* [Goal of the exercise]: Up to and including the line containing "Step 5: Rules", set down each line of the entries below exactly, starting from the first, and leave out the rest.

┌─ Information

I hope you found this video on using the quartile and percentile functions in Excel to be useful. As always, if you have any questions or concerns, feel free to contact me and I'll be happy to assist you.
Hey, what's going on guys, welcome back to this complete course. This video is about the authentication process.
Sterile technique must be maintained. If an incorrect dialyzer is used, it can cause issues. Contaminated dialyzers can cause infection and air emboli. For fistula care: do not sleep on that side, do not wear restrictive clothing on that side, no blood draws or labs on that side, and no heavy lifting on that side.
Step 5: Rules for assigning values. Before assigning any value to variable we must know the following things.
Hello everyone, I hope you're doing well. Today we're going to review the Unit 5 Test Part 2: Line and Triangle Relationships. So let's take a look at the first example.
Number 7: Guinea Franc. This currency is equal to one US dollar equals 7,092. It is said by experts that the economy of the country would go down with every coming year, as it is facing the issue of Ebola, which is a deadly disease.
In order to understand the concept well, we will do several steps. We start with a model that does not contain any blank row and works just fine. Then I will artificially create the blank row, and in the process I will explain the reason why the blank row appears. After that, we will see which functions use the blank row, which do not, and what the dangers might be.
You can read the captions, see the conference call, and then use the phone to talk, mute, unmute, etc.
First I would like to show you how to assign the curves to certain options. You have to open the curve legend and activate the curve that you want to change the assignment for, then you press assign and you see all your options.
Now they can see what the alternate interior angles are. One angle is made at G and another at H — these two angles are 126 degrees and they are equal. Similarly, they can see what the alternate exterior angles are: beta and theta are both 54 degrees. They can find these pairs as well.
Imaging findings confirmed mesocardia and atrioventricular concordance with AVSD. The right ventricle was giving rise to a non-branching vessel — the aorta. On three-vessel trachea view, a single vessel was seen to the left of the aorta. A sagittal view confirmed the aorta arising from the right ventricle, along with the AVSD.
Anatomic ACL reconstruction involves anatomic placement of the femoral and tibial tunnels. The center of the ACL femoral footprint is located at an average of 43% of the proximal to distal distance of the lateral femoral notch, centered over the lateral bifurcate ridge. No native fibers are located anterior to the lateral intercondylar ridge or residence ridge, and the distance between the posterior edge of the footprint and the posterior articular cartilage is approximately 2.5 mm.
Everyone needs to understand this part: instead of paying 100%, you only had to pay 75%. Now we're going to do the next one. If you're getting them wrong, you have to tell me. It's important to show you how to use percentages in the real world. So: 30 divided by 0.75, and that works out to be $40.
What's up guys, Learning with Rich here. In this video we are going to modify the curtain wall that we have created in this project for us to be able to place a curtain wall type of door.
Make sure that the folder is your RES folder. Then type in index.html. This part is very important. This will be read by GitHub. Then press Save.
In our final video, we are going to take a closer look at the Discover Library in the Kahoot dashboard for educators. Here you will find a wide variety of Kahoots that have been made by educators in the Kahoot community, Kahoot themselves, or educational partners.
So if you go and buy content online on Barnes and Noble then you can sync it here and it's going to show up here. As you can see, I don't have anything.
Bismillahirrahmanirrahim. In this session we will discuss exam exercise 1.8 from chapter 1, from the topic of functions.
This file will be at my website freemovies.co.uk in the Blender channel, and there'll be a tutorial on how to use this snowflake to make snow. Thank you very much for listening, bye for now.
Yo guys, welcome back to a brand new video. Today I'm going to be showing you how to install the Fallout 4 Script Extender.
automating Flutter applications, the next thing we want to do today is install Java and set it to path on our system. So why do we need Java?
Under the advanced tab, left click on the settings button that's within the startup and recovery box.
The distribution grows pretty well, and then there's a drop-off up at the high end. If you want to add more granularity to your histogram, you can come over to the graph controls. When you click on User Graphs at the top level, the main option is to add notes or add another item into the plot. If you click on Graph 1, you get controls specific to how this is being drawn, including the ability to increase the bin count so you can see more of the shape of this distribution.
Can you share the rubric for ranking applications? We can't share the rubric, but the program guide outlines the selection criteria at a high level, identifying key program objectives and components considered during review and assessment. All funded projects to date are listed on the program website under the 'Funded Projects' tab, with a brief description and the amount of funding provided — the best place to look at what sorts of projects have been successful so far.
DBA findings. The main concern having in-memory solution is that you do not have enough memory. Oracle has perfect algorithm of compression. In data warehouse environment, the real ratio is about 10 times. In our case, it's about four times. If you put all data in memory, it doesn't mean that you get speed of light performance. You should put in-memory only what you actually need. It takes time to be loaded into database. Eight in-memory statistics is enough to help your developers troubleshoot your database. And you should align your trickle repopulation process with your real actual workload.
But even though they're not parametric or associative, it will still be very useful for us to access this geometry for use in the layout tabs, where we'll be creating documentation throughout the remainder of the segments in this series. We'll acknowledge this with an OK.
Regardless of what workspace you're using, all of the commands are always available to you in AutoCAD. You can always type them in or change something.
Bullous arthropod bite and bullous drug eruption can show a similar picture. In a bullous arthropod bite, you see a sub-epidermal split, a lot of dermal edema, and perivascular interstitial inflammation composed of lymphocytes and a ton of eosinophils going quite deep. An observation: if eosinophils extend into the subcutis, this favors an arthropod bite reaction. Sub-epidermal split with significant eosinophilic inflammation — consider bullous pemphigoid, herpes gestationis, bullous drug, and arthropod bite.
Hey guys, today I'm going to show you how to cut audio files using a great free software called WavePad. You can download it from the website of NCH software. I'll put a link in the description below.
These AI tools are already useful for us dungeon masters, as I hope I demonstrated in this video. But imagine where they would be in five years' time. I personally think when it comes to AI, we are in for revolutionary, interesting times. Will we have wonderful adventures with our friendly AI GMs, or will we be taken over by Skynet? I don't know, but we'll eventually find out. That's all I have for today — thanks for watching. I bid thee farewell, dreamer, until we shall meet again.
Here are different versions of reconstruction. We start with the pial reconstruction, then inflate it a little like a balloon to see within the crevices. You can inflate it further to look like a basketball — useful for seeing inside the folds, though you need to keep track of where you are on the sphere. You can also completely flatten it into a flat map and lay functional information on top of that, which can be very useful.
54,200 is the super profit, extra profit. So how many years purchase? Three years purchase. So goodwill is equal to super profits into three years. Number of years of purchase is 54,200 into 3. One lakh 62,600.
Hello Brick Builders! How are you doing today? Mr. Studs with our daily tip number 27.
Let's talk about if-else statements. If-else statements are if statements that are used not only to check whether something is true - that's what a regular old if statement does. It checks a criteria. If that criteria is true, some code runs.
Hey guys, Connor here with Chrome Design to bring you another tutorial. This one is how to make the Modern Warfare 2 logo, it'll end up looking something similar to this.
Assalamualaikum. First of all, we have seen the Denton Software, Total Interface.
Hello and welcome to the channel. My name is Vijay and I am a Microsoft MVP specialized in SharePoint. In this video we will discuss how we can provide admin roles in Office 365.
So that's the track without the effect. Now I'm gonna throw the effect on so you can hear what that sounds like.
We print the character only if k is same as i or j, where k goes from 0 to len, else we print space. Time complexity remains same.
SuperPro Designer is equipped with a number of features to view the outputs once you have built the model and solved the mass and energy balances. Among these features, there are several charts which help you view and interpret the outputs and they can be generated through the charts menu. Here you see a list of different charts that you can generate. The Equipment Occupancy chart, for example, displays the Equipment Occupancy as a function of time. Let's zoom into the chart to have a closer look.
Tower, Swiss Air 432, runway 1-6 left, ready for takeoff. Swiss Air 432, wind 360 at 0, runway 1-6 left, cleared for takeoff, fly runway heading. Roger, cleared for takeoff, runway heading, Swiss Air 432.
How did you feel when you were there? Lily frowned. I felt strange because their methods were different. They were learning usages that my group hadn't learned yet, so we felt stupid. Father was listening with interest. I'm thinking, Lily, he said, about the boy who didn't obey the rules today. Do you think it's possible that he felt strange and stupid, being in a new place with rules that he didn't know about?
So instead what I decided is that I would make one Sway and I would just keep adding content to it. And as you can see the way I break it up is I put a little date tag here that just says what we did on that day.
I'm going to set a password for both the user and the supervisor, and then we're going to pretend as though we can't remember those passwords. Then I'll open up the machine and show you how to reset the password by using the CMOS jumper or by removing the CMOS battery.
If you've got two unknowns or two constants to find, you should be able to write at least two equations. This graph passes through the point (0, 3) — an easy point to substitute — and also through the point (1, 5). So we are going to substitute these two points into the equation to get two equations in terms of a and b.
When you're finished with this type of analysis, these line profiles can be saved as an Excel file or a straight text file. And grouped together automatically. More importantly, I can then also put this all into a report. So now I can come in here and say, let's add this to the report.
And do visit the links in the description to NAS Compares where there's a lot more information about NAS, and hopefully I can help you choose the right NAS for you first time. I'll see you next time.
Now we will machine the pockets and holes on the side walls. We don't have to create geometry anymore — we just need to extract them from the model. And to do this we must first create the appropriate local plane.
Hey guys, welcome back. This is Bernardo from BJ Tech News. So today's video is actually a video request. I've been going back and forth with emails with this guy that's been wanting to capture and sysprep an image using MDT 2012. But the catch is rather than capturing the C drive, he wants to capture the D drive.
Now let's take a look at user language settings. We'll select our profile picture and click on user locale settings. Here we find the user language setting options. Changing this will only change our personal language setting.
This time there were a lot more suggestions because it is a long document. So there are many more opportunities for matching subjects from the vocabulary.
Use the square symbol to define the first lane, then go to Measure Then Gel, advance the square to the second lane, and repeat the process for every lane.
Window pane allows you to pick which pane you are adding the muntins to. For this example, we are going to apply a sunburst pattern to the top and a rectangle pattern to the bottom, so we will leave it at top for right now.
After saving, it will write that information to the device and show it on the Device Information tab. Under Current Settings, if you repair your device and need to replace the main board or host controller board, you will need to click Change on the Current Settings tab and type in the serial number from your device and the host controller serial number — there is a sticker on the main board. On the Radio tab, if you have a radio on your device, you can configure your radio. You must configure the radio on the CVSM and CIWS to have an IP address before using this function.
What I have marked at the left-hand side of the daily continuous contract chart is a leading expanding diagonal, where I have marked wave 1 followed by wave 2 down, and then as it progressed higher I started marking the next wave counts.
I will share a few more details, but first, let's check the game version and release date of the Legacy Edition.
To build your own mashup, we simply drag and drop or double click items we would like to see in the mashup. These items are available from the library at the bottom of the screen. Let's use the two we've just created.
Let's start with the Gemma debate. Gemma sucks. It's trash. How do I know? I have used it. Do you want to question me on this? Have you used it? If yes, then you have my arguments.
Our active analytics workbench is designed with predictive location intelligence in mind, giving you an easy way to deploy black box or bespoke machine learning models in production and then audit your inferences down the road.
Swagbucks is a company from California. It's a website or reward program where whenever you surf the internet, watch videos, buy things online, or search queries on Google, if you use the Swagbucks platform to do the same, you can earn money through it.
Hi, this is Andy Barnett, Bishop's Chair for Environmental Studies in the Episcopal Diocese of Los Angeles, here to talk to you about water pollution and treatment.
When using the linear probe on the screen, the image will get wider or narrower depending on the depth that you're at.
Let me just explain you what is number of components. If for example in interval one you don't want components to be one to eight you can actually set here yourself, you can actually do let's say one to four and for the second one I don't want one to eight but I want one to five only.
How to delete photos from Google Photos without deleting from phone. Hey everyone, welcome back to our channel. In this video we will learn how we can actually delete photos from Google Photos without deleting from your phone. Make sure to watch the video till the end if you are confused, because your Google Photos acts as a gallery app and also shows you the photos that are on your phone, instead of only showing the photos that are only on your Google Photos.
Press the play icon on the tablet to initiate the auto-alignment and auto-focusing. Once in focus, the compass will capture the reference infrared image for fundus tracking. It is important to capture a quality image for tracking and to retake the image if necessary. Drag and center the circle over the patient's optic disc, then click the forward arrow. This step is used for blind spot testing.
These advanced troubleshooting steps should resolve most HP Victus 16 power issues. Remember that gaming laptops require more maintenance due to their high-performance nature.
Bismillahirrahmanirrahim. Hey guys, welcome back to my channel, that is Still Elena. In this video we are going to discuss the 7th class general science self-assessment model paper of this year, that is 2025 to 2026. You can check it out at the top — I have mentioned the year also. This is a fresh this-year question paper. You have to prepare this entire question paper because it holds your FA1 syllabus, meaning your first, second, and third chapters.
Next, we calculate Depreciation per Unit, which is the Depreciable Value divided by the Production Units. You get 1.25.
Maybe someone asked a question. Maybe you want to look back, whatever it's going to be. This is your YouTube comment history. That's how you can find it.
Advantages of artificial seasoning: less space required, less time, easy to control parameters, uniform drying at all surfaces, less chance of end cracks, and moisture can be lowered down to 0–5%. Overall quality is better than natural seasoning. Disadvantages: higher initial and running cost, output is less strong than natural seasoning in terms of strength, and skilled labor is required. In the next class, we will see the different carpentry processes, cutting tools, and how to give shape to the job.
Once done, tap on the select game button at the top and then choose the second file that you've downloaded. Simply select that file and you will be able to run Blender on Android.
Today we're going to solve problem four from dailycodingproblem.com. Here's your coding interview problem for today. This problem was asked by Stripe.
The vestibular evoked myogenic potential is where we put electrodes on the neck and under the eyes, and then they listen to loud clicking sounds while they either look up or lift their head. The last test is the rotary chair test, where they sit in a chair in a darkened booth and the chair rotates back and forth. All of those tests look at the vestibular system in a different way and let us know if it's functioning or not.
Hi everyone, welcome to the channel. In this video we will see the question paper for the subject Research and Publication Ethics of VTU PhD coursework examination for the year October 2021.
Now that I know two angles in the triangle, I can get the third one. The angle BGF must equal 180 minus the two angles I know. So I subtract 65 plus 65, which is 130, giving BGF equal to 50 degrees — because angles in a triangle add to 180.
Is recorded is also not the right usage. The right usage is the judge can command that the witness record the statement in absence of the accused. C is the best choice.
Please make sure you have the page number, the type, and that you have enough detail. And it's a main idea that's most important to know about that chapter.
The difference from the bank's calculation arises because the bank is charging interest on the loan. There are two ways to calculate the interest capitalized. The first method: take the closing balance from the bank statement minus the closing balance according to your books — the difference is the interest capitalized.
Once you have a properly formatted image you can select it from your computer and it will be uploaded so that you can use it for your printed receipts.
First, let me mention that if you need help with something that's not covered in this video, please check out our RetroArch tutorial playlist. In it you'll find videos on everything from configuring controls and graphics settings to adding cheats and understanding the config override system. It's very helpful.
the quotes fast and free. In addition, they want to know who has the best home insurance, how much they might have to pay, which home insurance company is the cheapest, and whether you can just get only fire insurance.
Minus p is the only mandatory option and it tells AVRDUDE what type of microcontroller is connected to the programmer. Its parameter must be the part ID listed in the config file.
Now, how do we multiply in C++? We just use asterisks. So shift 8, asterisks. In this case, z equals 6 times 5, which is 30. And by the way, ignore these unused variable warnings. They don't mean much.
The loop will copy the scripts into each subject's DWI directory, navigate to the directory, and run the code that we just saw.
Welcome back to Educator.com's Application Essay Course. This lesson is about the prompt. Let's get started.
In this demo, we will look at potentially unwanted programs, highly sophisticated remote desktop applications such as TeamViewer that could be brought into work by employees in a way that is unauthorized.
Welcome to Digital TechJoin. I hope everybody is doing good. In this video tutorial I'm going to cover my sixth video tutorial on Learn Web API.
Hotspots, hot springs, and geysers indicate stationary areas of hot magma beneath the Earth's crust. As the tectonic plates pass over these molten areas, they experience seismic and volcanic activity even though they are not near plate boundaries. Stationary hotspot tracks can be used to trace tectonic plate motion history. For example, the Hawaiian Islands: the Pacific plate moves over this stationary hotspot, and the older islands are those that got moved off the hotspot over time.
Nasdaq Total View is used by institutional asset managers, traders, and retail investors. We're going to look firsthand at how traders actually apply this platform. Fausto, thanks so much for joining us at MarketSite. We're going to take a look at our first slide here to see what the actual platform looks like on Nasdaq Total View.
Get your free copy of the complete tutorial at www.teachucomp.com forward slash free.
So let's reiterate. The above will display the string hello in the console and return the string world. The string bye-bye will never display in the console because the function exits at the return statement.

└─

* [Written response]:
I hope you found this video on using the quartile and percentile functions in Excel to be useful. As always, if you have any questions or concerns, feel free to contact me and I'll be happy to assist you.
Hey, what's going on guys, welcome back to this complete course. This video is about the authentication process.
Sterile technique must be maintained. If an incorrect dialyzer is used, it can cause issues. Contaminated dialyzers can cause infection and air emboli. For fistula care: do not sleep on that side, do not wear restrictive clothing on that side, no blood draws or labs on that side, and no heavy lifting on that side.
Step 5: Rules for assigning values. Before assigning any value to variable we must know the following things.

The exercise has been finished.